(Beginning of RECORDS FOR THE TASK)
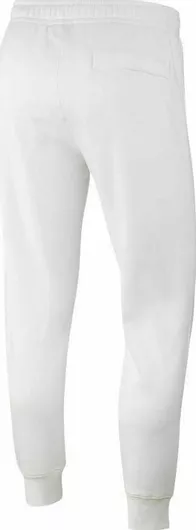 Nike Sportswear Παντελόνι Φόρμας με Λάστιχο Λευκό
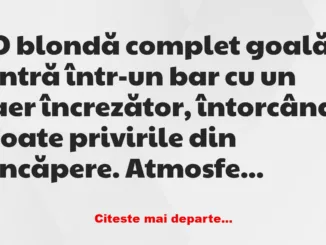 Banc: N-ați mai văzut o femeie goală? –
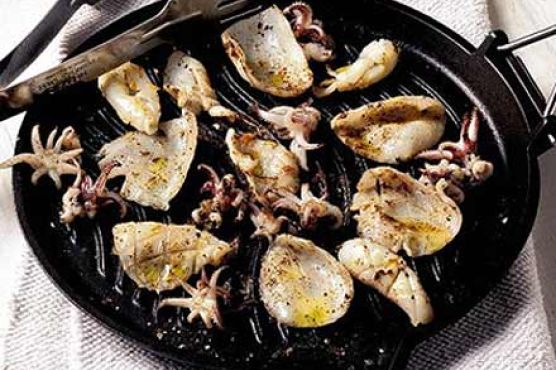 Salt & pepper squid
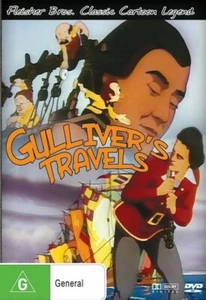 Gullivers Travels (DVD) 1939 Animated Cartoon Movie - Dave Fleischer - RARE R4 - Picture 1 of 1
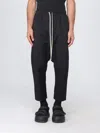 Rick Owens Pants  Men Color Black In Black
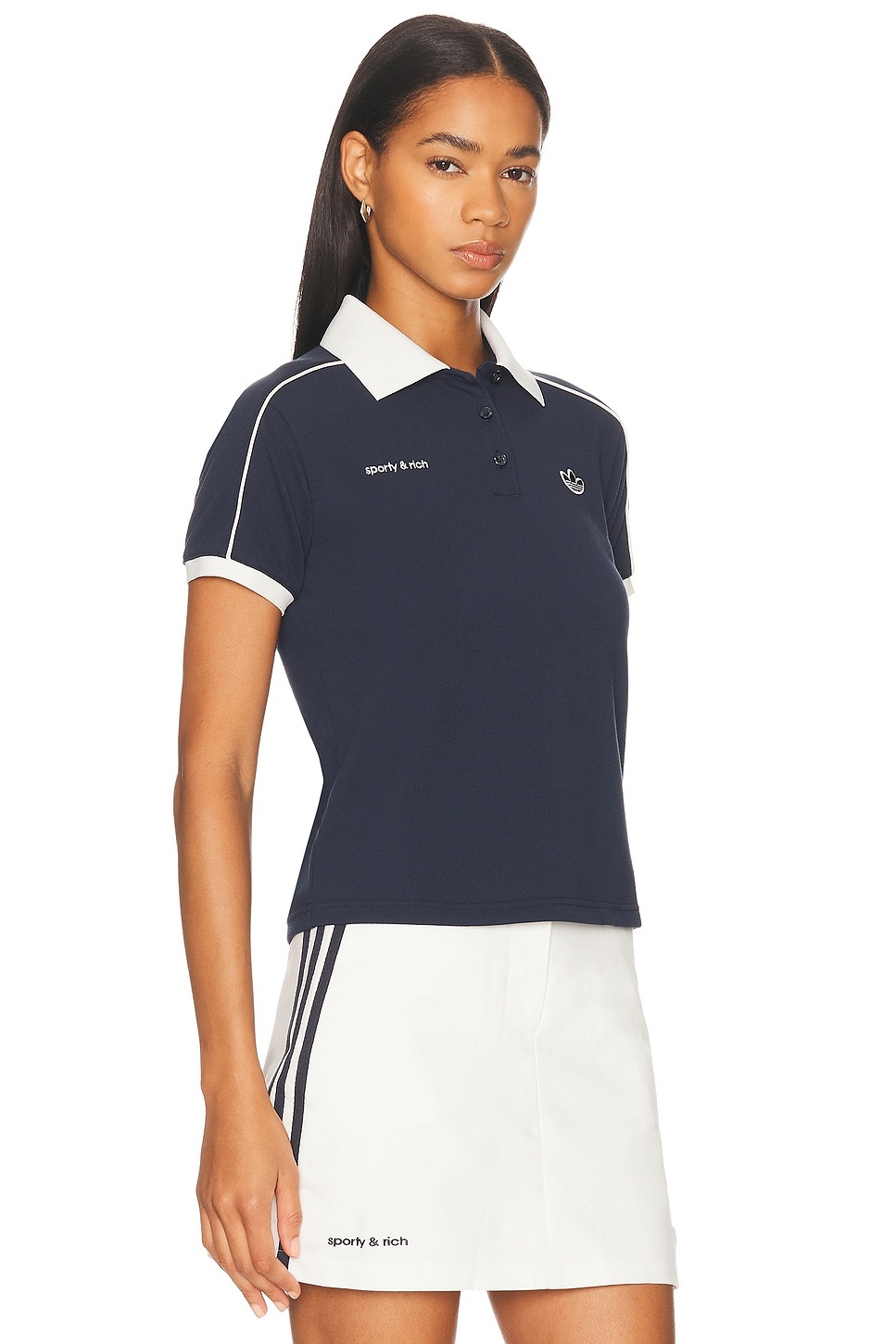 X Sporty & Rich Polo Tee - 2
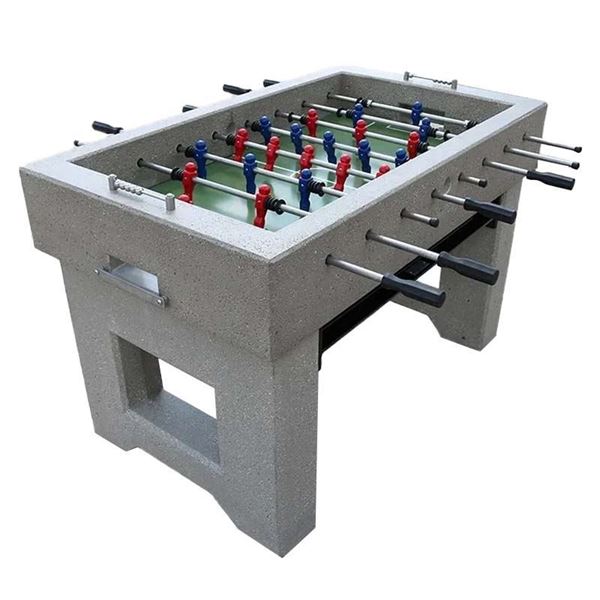 Concrete Foosball Outdoor Game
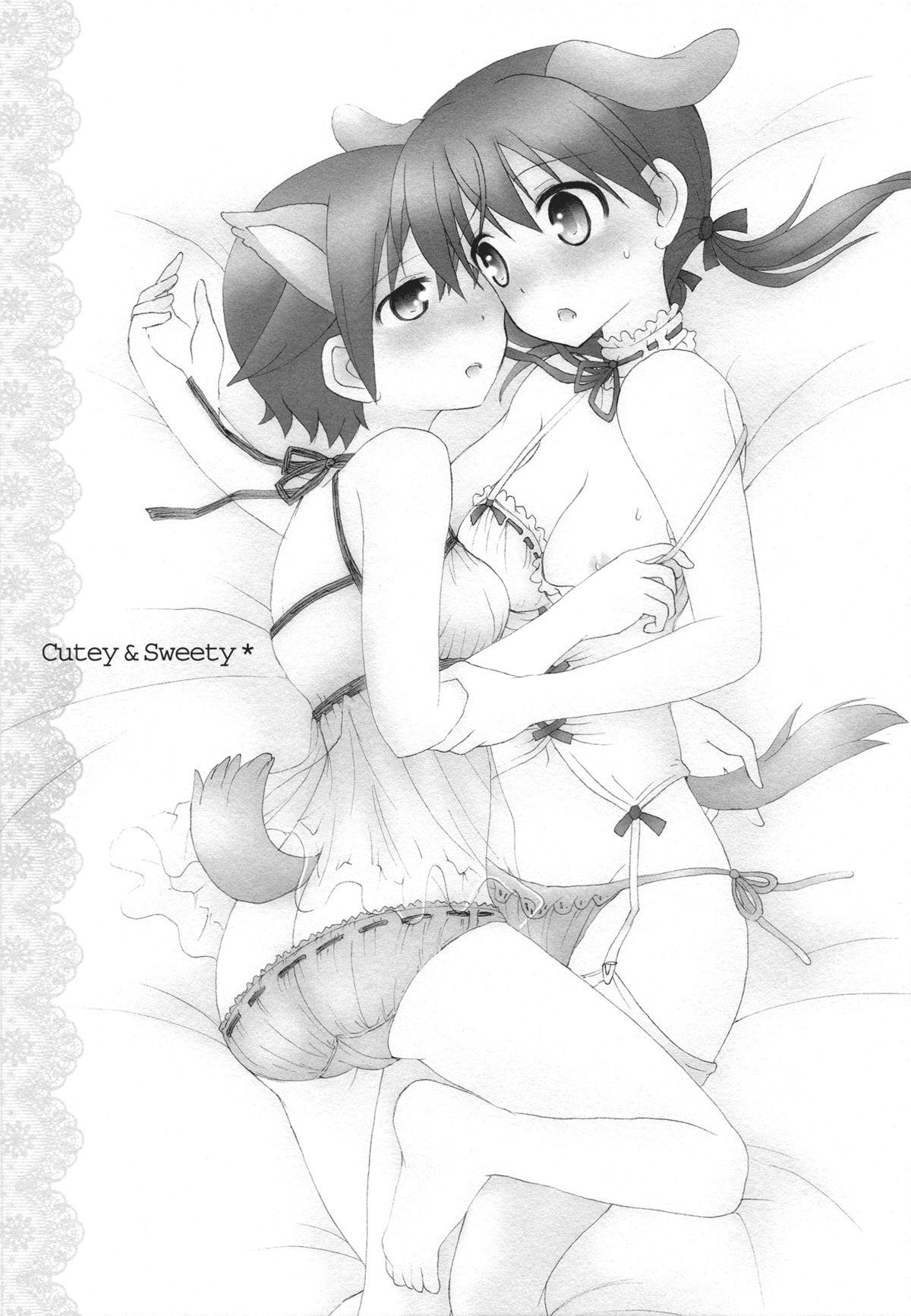 Amateur Cutey&Sweety - Strike witches Sucking Dick - Page 2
(End of RECORDS FOR THE TASK)
-- WHAT TO WORK ON --
Your answer must be the records above, word for word, with no pictures.

-- OUTPUT FOR THIS EXERCISE --
 Nike Sportswear Παντελόνι Φόρμας με Λάστιχο Λευκό
 Banc: N-ați mai văzut o femeie goală? –
 Salt & pepper squid
 Gullivers Travels (DVD) 1939 Animated Cartoon Movie - Dave Fleischer - RARE R4 - Picture 1 of 1
 Rick Owens Pants  Men Color Black In Black
 X Sporty & Rich Polo Tee - 2
 Concrete Foosball Outdoor Game
 Amateur Cutey&Sweety - Strike witches Sucking Dick - Page 2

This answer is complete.